[65].
Далее он подробно пишет о «клеветнике» Зощенко, о том, что в эвакуации он создал «одну из самых мрачных и грязных книг», имея в виду повесть «Перед заходом солнца». Однако Ахматову не поминает, да и как он может — только что в 1945 году в его «Знамени» прошла подборка ее стихов.
11 сентября Вишневский пишет в дневнике раздраженно:
Звонил Тарасенкову, он выкручиваются из своих ахматовских, эстетских склонностей… Пишет статью по моему заданию. Словом, — широкая полоса обсуждений, споров, и т. д. — с некоторыми неизбежными перегибами. Фадеев: «Нельзя быть добрыми». Я и Горбатов: «Но только в этом дело: нельзя допустить несправедливостей». — Стараюсь глубже вникать в ситуацию…[66]
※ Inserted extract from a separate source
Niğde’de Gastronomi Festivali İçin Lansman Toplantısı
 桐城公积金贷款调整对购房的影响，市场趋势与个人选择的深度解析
Только что 7 сентября Вишневский вместе с труппой писателей (Асеевым, Михалковым, Катаевым, Сурковым) выступил в «Литературной газете» с требованием к Ахматовой ответить на критику партии и народа.
Удивительно, что вполне лояльный к власти Горбатов боится перегибов. Но старшее поколение писателей, судя по агентурным сводкам, опубликованным в наши дни, вообще слабо поддерживает постановление. Они слишком хорошо помнили начало кампаний 30-х годов. Источник из МГБ указывает на то, что часть из них говорит о том, что надо переждать, пока пройдет «кампания массовой порки».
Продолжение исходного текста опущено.